I have an appr. 10x12 covered pen attached to my coop so the chickens can go outside. This is until I move in 2 months and can free range again because I will be rid of my present by-law crazy neighbor who threatens to report me each time one chicken so much as sniffs at the fence. The pen is getting a bit nasty from all the rain and the poo. I have tried using hay and grass clippings to line the pen but that composts into mud in no time. The odor is getting bad. Can I spread baking soda on the ground first before I cover the whole area with shavings? I think shavings are the best bet for the outside too at this point. Because the chickens scratch around outside, I am not sure if baking soda is a good idea or not. Is there anything else I can use? The chickens are layers so I can't use chemicals. 

Thanks.


----------



## Cyngbaeld (May 20, 2004)

Spread some ag lime. Can you get some sand or wood chips?


----------



## jennigrey (Jan 27, 2005)

A big load of shredded brush/branches from a tree trimming company would do the trick. Some companies will deliver it for free just to get rid of it.


----------



## eggzackly (Apr 14, 2011)

How many chickens do you have?


----------



## Bearfootfarm (Jul 13, 2006)

I wouldn't put shavings anywhere that's wet, since they will just hold the moisture.

Sand would allow drainage, and Ag lime (Calcium Carbonate) like Cyng sugested will help with odor

Do NOT use Hydrated Lime (Calcium Hydroxide)


----------



## Danaus29 (Sep 12, 2005)

Peat moss will work too. I used it when I had my ducks.


----------



## canine14 (Feb 22, 2006)

I have about 20 chickens now. As I said, I am moving soon so this is temporary. I don't believe in confining my birds.

I will try the sand. Not sure I can find wood chips. I can look for ag lime at the feed shops.

Thank you!


----------



## NickieL (Jun 15, 2007)

wood chips work great for me, but then I only have 4 confined birds, not 20. You need something with a lot of carbon to offset the nitrogen from the poo


----------



## canine14 (Feb 22, 2006)

It is only 6 more weeks (I actually calculated) so I am not worried about long-term. I just want the birds to have a nicer outside pen. They also have free access to a massive coop.


----------



## pamda (Oct 14, 2004)

I am using something that is used for stalls and used by kennels.
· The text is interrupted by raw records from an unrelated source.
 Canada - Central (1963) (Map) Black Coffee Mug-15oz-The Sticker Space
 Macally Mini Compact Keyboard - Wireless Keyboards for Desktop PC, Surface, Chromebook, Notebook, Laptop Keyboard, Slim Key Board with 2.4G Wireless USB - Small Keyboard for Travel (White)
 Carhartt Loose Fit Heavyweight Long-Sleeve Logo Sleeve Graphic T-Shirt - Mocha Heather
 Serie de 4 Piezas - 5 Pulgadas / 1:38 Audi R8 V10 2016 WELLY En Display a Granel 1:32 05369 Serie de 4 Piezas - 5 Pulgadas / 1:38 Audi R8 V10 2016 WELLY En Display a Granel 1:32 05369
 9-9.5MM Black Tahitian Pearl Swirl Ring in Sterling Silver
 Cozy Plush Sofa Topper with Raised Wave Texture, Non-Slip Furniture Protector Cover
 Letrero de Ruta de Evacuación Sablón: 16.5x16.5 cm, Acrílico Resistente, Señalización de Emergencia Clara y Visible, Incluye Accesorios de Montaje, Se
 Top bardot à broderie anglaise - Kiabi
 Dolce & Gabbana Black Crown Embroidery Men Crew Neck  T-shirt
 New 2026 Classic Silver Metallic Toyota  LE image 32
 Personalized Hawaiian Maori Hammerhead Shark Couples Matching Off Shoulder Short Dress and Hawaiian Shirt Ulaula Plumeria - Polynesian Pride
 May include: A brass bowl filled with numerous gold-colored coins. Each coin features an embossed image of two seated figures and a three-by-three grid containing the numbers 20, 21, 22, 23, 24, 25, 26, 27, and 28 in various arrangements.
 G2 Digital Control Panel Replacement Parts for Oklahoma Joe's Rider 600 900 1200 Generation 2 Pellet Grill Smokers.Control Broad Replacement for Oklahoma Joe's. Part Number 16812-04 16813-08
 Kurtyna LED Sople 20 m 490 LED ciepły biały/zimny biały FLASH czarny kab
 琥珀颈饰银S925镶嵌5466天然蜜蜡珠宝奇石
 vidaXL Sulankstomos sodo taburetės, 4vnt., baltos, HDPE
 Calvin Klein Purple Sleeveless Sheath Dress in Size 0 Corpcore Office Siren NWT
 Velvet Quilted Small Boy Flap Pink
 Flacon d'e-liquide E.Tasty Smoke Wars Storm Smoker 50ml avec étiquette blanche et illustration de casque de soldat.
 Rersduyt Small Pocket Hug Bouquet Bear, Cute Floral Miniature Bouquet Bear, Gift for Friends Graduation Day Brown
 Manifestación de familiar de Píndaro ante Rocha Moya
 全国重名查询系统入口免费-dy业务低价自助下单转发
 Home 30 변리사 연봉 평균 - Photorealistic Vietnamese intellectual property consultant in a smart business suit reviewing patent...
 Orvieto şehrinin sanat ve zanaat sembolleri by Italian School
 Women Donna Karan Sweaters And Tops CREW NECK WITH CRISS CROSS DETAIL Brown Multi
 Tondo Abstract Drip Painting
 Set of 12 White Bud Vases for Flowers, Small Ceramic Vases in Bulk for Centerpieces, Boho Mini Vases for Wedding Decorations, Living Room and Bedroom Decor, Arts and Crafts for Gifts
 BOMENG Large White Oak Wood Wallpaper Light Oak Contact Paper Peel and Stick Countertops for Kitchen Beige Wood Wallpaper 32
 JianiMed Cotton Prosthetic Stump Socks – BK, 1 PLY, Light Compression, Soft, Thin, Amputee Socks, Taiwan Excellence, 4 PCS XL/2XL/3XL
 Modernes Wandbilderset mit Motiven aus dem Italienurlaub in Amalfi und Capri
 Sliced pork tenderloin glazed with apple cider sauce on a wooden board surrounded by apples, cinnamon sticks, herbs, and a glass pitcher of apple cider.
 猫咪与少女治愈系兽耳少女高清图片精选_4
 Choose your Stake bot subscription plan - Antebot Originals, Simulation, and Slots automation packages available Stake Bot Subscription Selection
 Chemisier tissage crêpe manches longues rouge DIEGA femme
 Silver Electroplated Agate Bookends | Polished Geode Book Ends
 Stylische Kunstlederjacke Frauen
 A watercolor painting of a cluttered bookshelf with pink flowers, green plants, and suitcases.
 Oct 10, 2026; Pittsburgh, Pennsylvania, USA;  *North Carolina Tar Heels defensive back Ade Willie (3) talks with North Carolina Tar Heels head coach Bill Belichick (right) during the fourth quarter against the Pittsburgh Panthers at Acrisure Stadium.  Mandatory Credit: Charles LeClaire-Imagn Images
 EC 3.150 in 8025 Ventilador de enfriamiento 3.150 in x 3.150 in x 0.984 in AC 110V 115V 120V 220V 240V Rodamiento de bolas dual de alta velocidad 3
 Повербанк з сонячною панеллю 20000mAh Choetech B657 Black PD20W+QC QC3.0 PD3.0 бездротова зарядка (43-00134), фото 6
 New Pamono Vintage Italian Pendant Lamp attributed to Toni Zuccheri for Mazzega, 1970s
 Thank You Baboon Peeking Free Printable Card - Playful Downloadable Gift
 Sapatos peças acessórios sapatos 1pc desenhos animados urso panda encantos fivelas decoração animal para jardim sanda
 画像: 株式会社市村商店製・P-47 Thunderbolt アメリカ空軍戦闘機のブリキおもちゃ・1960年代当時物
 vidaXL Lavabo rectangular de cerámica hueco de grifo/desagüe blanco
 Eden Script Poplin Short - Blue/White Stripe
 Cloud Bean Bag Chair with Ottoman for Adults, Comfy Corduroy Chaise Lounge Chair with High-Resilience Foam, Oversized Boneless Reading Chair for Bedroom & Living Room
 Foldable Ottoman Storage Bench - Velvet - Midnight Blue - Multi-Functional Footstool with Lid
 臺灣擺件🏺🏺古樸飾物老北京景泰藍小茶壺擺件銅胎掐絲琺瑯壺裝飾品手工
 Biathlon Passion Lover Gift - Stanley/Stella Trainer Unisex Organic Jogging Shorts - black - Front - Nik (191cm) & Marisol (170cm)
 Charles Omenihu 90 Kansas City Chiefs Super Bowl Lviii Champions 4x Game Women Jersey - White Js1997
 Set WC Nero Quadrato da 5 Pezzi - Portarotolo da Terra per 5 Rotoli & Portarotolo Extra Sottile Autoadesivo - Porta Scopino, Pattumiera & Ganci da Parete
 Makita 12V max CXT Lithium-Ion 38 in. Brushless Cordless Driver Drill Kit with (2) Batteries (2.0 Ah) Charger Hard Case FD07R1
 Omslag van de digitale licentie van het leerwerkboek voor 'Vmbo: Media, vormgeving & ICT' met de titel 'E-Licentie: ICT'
Stal-dry I think. The birds have holes where they like to roll and dust. I just toss a cup of the stuff into the area and boy do they go to town. I noticed they aren't scratching as much, so it must be working. I sprinkled some in the kennel where my chicks and thier moms are brooding and they knew what to do..it was so cute watching all 8 of them fluff and roll. great entertainment.


----------



## WstTxLady (Mar 14, 2009)

I was also told that ag lime works great.


----------